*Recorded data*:
*** Block opens ***

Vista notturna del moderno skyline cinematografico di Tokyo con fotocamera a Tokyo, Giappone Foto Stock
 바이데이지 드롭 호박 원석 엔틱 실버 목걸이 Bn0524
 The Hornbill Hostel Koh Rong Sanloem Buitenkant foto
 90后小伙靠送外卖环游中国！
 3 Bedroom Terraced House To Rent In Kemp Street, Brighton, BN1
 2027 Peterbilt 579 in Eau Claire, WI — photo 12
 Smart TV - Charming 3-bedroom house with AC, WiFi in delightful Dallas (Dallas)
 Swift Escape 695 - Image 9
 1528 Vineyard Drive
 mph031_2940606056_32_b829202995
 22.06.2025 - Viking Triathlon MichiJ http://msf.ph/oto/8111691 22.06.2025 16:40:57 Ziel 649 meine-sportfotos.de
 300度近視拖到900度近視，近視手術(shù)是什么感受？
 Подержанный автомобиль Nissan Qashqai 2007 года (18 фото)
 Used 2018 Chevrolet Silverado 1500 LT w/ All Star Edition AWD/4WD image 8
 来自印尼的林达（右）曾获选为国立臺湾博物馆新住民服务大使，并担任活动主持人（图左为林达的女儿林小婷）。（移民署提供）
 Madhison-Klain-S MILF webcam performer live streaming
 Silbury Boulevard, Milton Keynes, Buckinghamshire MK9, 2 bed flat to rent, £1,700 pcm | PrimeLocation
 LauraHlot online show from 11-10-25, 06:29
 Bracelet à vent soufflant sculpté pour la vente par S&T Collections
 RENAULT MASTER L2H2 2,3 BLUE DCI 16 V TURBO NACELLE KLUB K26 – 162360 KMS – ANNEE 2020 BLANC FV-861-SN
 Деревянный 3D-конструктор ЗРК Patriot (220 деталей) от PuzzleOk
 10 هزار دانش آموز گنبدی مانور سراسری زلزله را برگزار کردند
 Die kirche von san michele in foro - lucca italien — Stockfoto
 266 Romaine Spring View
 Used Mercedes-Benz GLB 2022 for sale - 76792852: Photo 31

*** Block closes ***

*AIM OF THE TASK*: Copy all the records exactly so that no character differs from the source.

*ANSWER BOX*:
Vista notturna del moderno skyline cinematografico di Tokyo con fotocamera a Tokyo, Giappone Foto Stock
 바이데이지 드롭 호박 원석 엔틱 실버 목걸이 Bn0524
 The Hornbill Hostel Koh Rong Sanloem Buitenkant foto
 90后小伙靠送外卖环游中国！
 3 Bedroom Terraced House To Rent In Kemp Street, Brighton, BN1
 2027 Peterbilt 579 in Eau Claire, WI — photo 12
 Smart TV - Charming 3-bedroom house with AC, WiFi in delightful Dallas (Dallas)
 Swift Escape 695 - Image 9
 1528 Vineyard Drive
 mph031_2940606056_32_b829202995
 22.06.2025 - Viking Triathlon MichiJ http://msf.ph/oto/8111691 22.06.2025 16:40:57 Ziel 649 meine-sportfotos.de
 300度近視拖到900度近視，近視手術(shù)是什么感受？
 Подержанный автомобиль Nissan Qashqai 2007 года (18 фото)
 Used 2018 Chevrolet Silverado 1500 LT w/ All Star Edition AWD/4WD image 8
 来自印尼的林达（右）曾获选为国立臺湾博物馆新住民服务大使，并担任活动主持人（图左为林达的女儿林小婷）。（移民署提供）
 Madhison-Klain-S MILF webcam performer live streaming
 Silbury Boulevard, Milton Keynes, Buckinghamshire MK9, 2 bed flat to rent, £1,700 pcm | PrimeLocation
 LauraHlot online show from 11-10-25, 06:29
 Bracelet à vent soufflant sculpté pour la vente par S&T Collections
 RENAULT MASTER L2H2 2,3 BLUE DCI 16 V TURBO NACELLE KLUB K26 – 162360 KMS – ANNEE 2020 BLANC FV-861-SN
 Деревянный 3D-конструктор ЗРК Patriot (220 деталей) от PuzzleOk
 10 هزار دانش آموز گنبدی مانور سراسری زلزله را برگزار کردند
 Die kirche von san michele in foro - lucca italien — Stockfoto
 266 Romaine Spring View
 Used Mercedes-Benz GLB 2022 for sale - 76792852: Photo 31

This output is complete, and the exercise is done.